● Assigned task
In duplicating the lines below, keep every word unchanged and drop the pictures.

● Given material
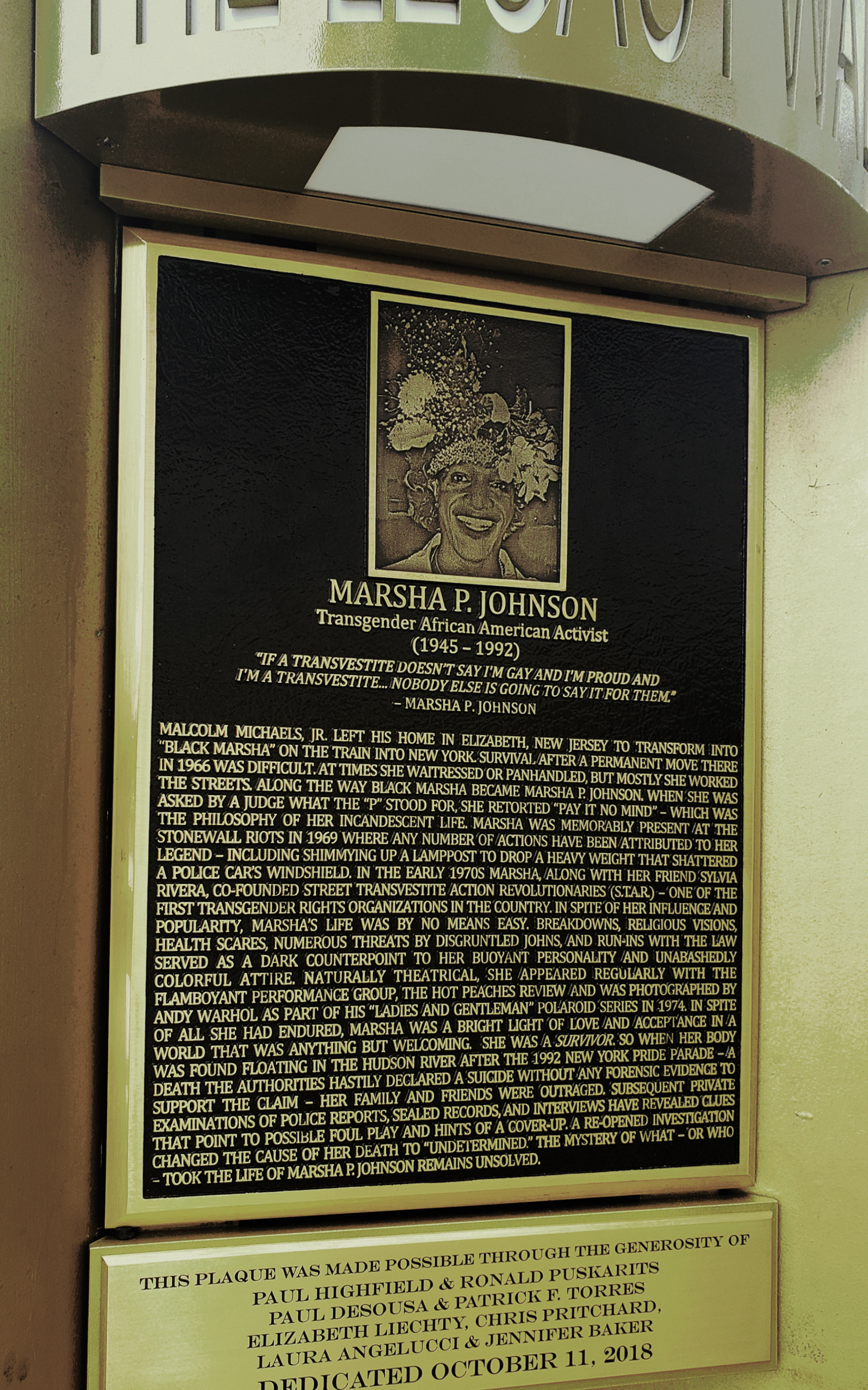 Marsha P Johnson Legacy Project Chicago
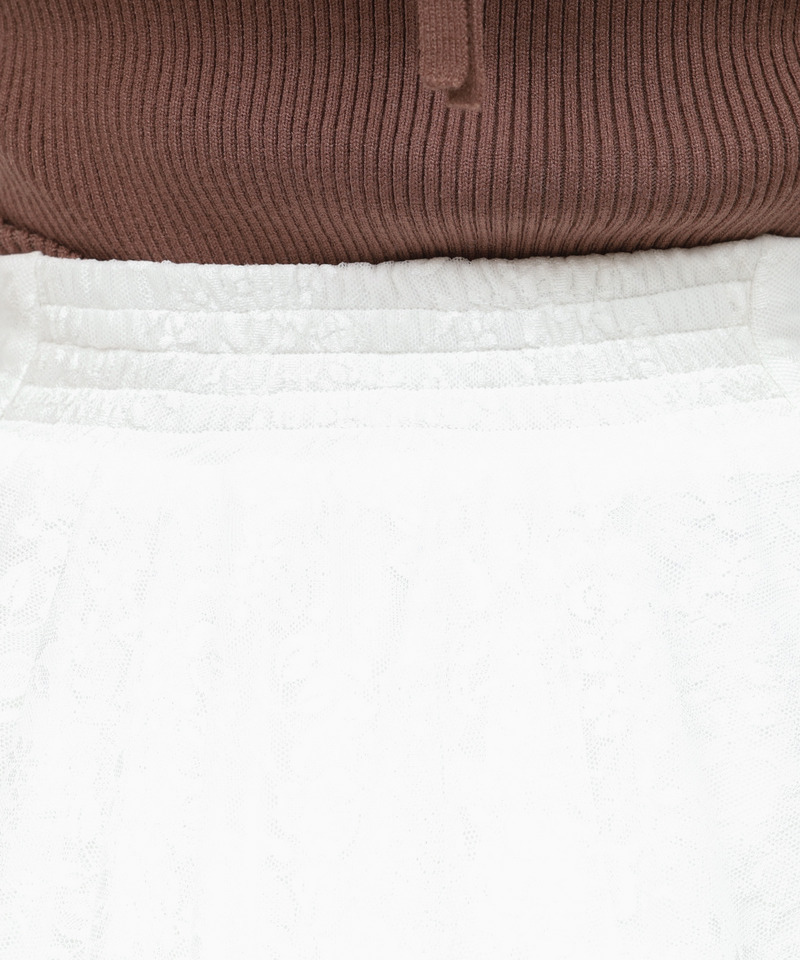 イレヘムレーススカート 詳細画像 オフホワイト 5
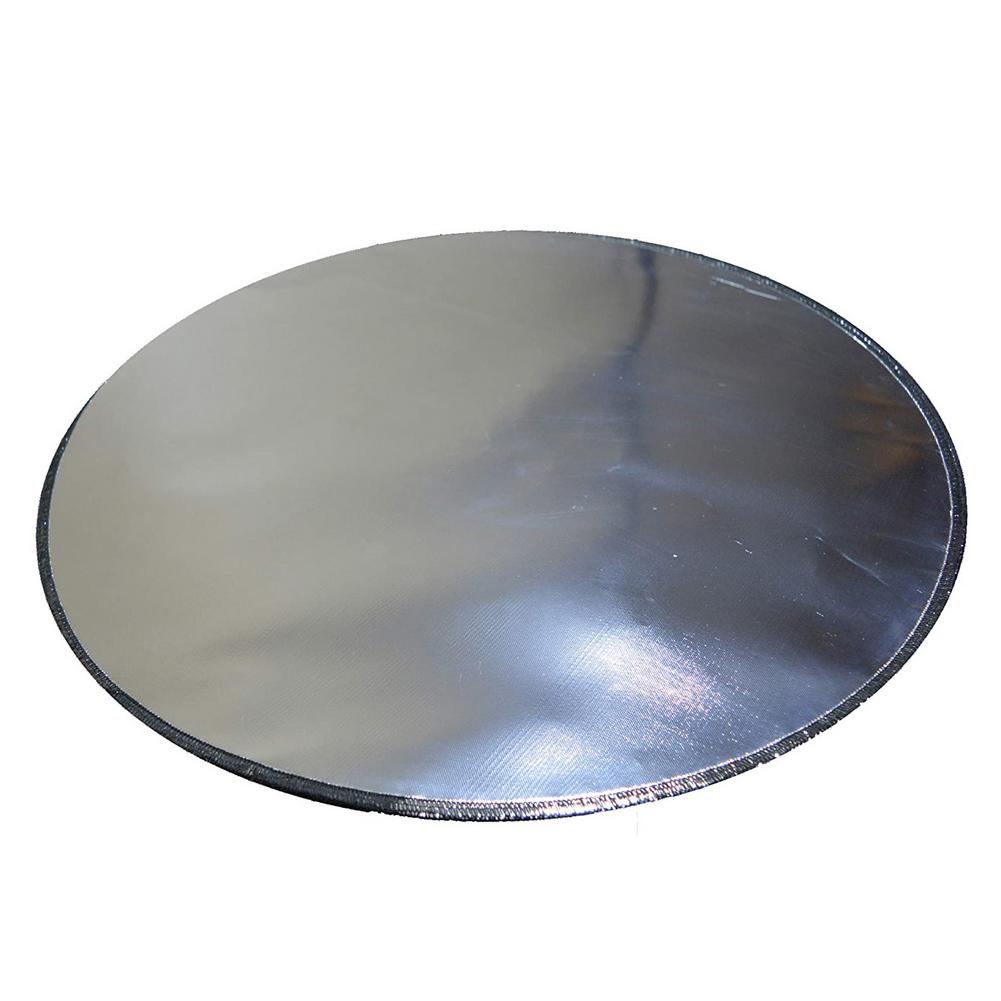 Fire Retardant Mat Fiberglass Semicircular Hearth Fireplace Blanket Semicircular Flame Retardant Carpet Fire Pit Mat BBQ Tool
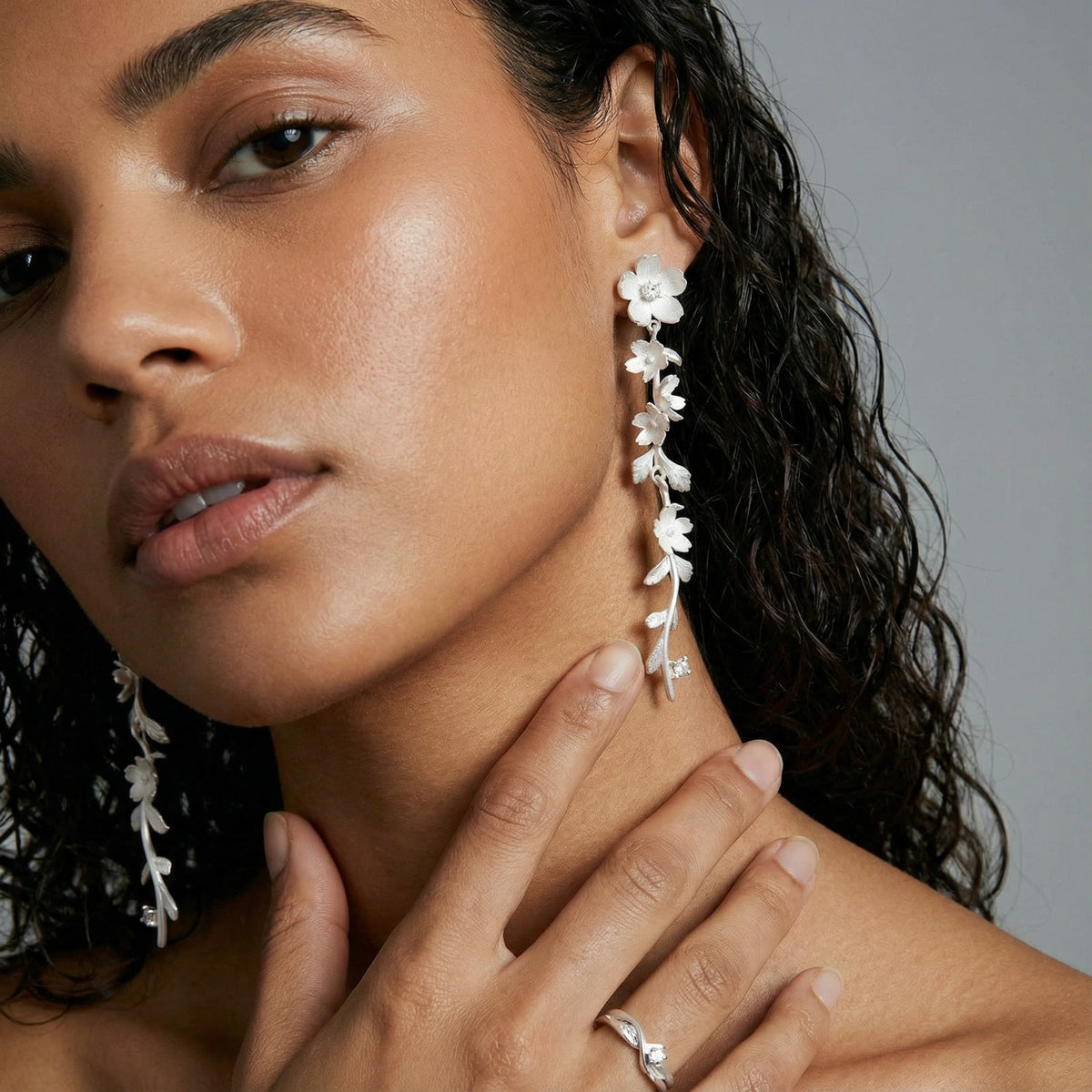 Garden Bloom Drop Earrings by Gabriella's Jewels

● Response for this exercise
 Marsha P Johnson Legacy Project Chicago
 イレヘムレーススカート 詳細画像 オフホワイト 5
 Fire Retardant Mat Fiberglass Semicircular Hearth Fireplace Blanket Semicircular Flame Retardant Carpet Fire Pit Mat BBQ Tool
 Garden Bloom Drop Earrings by Gabriella's Jewels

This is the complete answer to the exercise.